*Scraped caption text data:*
----

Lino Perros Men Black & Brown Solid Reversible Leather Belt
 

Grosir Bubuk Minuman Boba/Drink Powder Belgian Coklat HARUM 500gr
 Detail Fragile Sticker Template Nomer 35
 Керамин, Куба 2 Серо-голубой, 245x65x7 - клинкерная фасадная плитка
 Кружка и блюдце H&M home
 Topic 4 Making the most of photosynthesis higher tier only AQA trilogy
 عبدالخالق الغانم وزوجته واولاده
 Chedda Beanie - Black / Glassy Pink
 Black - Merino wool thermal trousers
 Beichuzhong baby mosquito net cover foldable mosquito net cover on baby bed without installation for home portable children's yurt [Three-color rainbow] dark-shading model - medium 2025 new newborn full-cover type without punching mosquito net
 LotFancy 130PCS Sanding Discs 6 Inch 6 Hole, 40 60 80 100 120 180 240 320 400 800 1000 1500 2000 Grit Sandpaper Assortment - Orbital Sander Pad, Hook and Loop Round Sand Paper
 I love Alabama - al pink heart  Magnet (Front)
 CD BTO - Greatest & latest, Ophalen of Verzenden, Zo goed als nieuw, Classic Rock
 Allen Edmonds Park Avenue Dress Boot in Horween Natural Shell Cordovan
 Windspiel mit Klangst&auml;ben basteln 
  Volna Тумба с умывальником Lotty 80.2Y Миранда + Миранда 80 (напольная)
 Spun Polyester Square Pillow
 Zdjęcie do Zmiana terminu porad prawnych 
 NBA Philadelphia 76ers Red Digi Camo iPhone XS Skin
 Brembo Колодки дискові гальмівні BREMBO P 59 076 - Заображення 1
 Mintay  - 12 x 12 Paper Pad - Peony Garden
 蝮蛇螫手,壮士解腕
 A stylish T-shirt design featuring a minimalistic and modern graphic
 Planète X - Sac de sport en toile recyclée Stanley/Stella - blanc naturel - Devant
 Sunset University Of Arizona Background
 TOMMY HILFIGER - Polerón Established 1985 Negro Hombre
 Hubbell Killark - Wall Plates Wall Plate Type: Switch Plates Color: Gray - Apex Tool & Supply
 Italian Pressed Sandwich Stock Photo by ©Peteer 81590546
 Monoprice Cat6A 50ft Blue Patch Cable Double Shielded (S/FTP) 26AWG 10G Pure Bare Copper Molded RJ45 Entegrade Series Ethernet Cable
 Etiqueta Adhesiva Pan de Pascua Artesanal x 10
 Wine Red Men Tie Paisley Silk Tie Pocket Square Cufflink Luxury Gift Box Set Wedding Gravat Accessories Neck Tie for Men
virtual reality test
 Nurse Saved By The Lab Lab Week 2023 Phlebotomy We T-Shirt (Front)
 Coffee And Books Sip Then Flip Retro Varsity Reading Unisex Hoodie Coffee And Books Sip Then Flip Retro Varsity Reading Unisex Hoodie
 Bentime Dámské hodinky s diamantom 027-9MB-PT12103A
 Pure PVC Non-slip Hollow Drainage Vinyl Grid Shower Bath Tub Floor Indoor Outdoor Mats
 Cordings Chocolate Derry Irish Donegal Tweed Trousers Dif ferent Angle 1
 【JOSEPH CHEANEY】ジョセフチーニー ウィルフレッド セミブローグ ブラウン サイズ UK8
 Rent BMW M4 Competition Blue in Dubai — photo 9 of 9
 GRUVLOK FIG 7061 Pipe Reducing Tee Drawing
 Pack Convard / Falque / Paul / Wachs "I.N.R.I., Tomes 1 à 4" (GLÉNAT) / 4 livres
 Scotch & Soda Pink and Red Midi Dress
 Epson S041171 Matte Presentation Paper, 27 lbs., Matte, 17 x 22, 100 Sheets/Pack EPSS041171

----

*ASSIGNED TASK:* Transcribe the records above exactly, beginning at the line that contains "LotFancy 130PCS Sanding" and ending with the line that contains "Windspiel mit Klangst&auml;ben basteln", both included, and nothing else.

*OUTPUT OF THE TASK:*
 LotFancy 130PCS Sanding Discs 6 Inch 6 Hole, 40 60 80 100 120 180 240 320 400 800 1000 1500 2000 Grit Sandpaper Assortment - Orbital Sander Pad, Hook and Loop Round Sand Paper
 I love Alabama - al pink heart  Magnet (Front)
 CD BTO - Greatest & latest, Ophalen of Verzenden, Zo goed als nieuw, Classic Rock
 Allen Edmonds Park Avenue Dress Boot in Horween Natural Shell Cordovan
 Windspiel mit Klangst&auml;ben basteln 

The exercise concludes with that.